Il tema della moda non inquinante e del riuso scelto dal gruppo Carpi 2030

Climathon Carpi 2020 parlerà di moda circolare

Quello della moda è il secondo settore manifatturiero in Italia (il primo è l’industria metallurgica) con 70 miliardi di fatturato aggregato e 80 mila imprese attive (dati area studi Mediobanca relativi al 2018).
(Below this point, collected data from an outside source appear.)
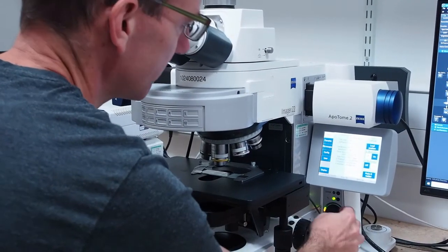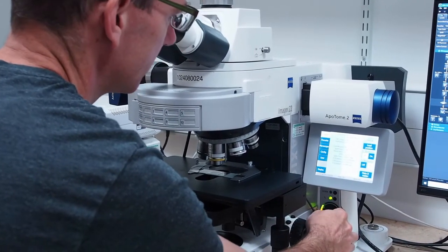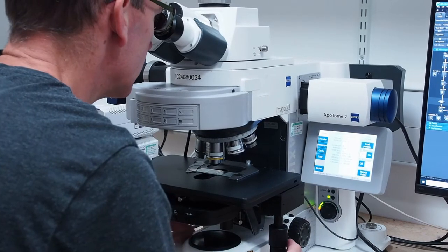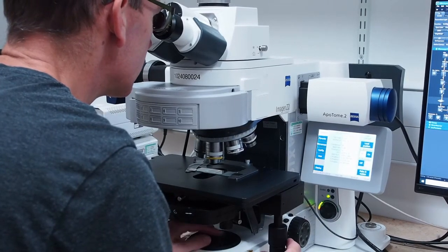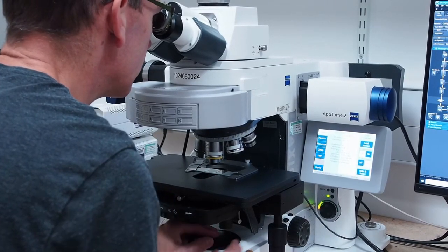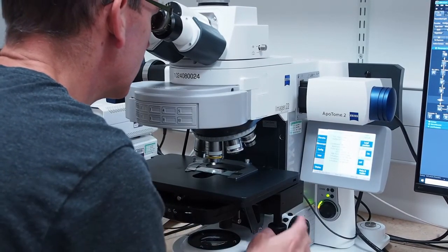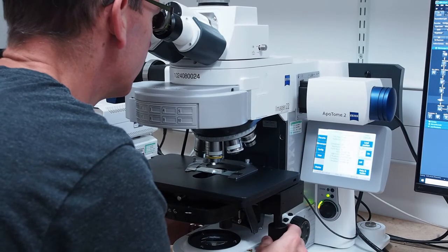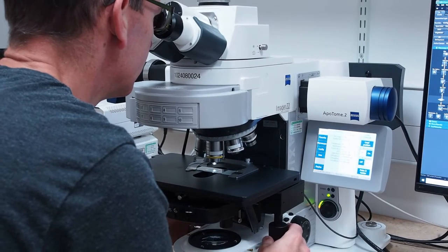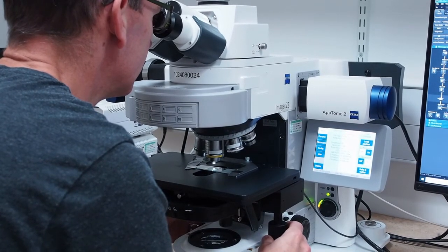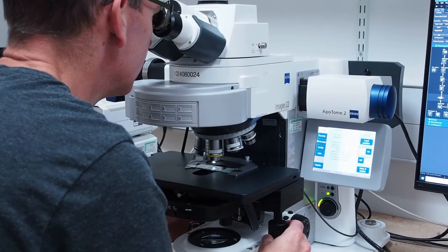Focus your sample using the focus knob on either side of the microscope and adjust the lamp intensity if necessary using the knob on the right. Don't forget to remove the anti-reflection disc from the transmission light path underneath the condenser.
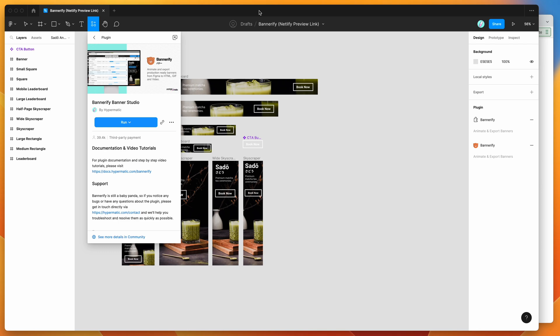Today I'm going to be showing you how to automatically create a preview link of your HTML banners exported from the Bannerify Figma plugin on the Netlify platform, which will let you host it as a URL that you can share around to clients, stakeholders, or anyone that you want to share a preview link of your banners with.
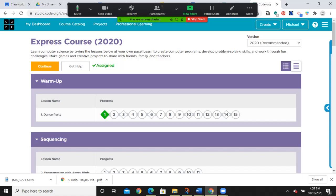I have the student view up right now. You're going to log in using the class code, which is present in the Google Classroom, and it will also be emailed to you with your password this weekend. When you get in, you're going to click on what you need, and then come into the express course and begin at the warm up.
A Carpi è ancora il settore di riferimento, nonostante le continue flessioni: secondo l’ultimo Osservatorio del settore tessile abbigliamento del distretto di Carpi (2018) curato da Daniela Bigarelli dell’istituto di ricerca R&I, a fine 2017 le imprese erano 783 con 5 mila 412 addetti e 1 miliardo e 400 milioni di euro di fatturato. Numeri che, nel frattempo, complice anche la pandemia, sono sicuramente cambiati, ma non così radicalmente da compromettere l’importanza del tessile per il territorio. Anche nel mondo la moda ha tutta un’altra serie di “primati” non proprio lusinghieri: dopo l’industria del petrolio, quella tessile è la più inquinante per l’ambiente, dalla quantità di pesticidi riversati nelle piantagioni di cotone (il 18 per cento della totalità), alle sostanze chimiche utilizzate per trattare i tessuti e poi ritingerli, alla impossibilità di smaltire gli abiti in fibre non naturali in modo ecologico, fino alla quantità di acqua necessaria per produrre un capo di cotone (3 mila litri per una camicia, 7 mila per i jeans).  E come in tutti gli altri comparti industriali, anche nella moda il tema della sostenibilità ha cominciato a suscitare una serie di prese di posizione e movimenti. Il fenomeno della moda veloce (la cosiddetta fast fashion) ha ulteriormente moltiplicato abusi ed eccessi, creando danni a volte irrimediabili alla natura e alle persone costrette a lavorare in condizioni penose.